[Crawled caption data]

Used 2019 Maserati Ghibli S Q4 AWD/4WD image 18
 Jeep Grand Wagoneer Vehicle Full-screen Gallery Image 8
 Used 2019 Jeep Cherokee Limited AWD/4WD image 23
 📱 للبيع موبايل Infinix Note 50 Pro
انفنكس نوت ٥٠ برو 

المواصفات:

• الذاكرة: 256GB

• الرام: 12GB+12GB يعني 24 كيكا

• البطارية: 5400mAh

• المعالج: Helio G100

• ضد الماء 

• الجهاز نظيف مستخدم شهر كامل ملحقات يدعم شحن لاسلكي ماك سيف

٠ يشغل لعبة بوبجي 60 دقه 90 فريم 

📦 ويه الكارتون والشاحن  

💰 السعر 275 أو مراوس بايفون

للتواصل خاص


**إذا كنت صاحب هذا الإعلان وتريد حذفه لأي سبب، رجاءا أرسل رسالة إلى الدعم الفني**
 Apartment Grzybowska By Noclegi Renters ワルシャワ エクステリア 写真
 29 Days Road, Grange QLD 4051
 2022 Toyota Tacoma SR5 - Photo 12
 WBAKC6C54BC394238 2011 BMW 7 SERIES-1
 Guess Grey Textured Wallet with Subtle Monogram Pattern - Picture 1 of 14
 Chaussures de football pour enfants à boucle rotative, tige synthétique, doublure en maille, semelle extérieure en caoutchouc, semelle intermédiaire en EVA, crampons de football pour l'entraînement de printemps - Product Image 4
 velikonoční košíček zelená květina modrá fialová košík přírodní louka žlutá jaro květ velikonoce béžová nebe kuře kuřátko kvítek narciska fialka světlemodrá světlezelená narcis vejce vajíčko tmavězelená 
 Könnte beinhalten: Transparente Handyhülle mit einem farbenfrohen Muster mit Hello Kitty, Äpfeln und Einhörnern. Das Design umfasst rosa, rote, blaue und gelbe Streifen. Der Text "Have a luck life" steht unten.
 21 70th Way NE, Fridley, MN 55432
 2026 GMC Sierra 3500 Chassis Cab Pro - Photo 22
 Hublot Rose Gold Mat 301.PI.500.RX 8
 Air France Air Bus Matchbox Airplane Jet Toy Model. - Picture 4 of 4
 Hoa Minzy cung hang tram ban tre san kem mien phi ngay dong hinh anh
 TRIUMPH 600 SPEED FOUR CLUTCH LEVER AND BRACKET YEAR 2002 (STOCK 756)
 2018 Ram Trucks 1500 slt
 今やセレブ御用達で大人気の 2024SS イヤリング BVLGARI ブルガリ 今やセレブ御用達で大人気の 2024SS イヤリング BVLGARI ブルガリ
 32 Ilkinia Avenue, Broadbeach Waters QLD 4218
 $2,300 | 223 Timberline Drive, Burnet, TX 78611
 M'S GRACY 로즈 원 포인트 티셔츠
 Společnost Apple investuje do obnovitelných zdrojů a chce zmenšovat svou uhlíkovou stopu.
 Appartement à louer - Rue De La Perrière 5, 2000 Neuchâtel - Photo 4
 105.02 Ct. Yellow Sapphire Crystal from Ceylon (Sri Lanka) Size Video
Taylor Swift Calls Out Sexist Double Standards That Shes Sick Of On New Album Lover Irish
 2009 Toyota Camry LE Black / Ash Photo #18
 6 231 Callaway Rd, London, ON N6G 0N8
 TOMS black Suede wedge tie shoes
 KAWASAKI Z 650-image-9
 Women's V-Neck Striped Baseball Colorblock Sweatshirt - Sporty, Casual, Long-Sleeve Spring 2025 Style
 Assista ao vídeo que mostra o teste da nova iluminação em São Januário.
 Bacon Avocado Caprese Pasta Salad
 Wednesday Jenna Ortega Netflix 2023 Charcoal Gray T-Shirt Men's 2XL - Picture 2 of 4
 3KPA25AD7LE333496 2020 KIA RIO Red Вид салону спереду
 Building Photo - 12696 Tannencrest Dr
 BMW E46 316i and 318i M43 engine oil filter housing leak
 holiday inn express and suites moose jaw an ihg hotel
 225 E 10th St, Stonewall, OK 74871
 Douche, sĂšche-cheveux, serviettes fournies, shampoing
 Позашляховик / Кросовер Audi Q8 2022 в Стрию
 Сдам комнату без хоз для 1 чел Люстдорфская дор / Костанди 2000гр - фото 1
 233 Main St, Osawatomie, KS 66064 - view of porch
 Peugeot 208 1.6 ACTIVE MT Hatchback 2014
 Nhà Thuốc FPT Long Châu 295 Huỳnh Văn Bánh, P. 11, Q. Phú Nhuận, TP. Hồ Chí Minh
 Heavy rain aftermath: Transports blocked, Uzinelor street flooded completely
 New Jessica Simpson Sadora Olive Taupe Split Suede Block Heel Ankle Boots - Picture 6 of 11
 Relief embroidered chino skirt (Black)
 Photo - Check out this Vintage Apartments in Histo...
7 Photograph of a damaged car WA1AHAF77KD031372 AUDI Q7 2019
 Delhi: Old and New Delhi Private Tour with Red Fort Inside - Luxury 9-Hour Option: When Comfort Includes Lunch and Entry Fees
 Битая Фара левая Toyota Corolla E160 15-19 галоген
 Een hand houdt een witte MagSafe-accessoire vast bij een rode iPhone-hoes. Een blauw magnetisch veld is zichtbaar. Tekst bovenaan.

[The problem]:
Could you set down, word for word, only the lines above from the line with "225 E 10th St, Stonewall, OK 74871" to the line with "Relief embroidered chino skirt (Black)", including both?

[Response area]:
 225 E 10th St, Stonewall, OK 74871
 Douche, sĂšche-cheveux, serviettes fournies, shampoing
 Позашляховик / Кросовер Audi Q8 2022 в Стрию
 Сдам комнату без хоз для 1 чел Люстдорфская дор / Костанди 2000гр - фото 1
 233 Main St, Osawatomie, KS 66064 - view of porch
 Peugeot 208 1.6 ACTIVE MT Hatchback 2014
 Nhà Thuốc FPT Long Châu 295 Huỳnh Văn Bánh, P. 11, Q. Phú Nhuận, TP. Hồ Chí Minh
 Heavy rain aftermath: Transports blocked, Uzinelor street flooded completely
 New Jessica Simpson Sadora Olive Taupe Split Suede Block Heel Ankle Boots - Picture 6 of 11
 Relief embroidered chino skirt (Black)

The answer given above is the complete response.